金曜の夜に風邪を引く

決まりきらない想像の旅

本能を超えるもの

もう長い友達に子供が出来たそうで、ギリギリな年齢にある私は正直羨ましくて仕方ないけれど、遺伝的な事情もあって諦めてもいる。

最初聞いた時は泣くほど喜んで、それでも、変わって行かないで、という複雑な気持ちもあり、でもそれは、喜んでいない訳ではなかった。単に勝手に自己投影して、事実を頭で混同しているだけだった。何故私は素直に喜べないの?などと言う、安い自虐に酔える時期はとうの昔に過ぎたのに、まだ幼い頃に簡単に自分を救ってくれたそれを、どうしても思い出す。
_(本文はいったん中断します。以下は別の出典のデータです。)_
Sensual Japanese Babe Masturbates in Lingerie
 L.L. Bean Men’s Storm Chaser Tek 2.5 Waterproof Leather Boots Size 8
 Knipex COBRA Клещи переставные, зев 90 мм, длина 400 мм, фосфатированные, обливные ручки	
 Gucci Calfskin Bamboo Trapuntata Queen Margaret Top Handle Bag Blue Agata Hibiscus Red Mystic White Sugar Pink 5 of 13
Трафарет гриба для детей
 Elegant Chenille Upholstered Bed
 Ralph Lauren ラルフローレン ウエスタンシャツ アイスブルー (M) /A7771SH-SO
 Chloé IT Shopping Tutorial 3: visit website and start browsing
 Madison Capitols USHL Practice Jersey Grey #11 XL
当たり前の事を無意識に喜べる精神性は、神様がくれた宝物なんだろうと思う。でも感情に濃淡があるからこそ、人間なんだという気がする。

社会が認める形で本能に沿って動ける事は、世間からの風当たりを少なくする事とほぼ同義だけれど、本能に逆らって尚安定していられる強い自我を持てるなら、それで事は済むんだろう。でも、常態的に自己の再定義が必要となる、あくまで台風の目でしかないその自我には、結局必死にしがみつく必要がある。

他者や所属が与える自己同一性を放棄しておきながらそれに焦がれるのは、それがあった場合の幸せと、それが無い場合との不幸せとをアンフェアに比べるからだろう。比較の無い状態で自己の有り様を認めていないからそうなるとも言える。

本能に逆らって年月が過ぎた時に、私は嫉妬に押し潰されて化け物になるのが怖いという話を、以前その友達にした事がある。それを自覚してるんならならないでしょうと言われたけれど、狂えてしまった方が楽な場面もきっとある。

それでも理性を抱えて生きようと思えるのは、その友達と自分が大事であるからに他ならない。表面上では濃淡を陽に塗り潰し、裏にある陰の濃淡を全て認めて、その両方を抱えた状態を認識したその上で、何でもないように振る舞う。12色の色鉛筆で事足りるような感情しか無かった頃よりかは、生きる事がもしかしたら面白いのかもしれないし、克服出来た時の喜びも大きいのかもしれない。

喜びも怒りも、哀しみも楽しみも一緒に経験して来た。妊娠したと聞いた時、おめでとうのすぐ後に、「子供産んでも友達で居てね」と思わず言ってしまった私に、「変わる訳ないでしょう」と言ってくれた友達を、これからも大事にしたいと思う。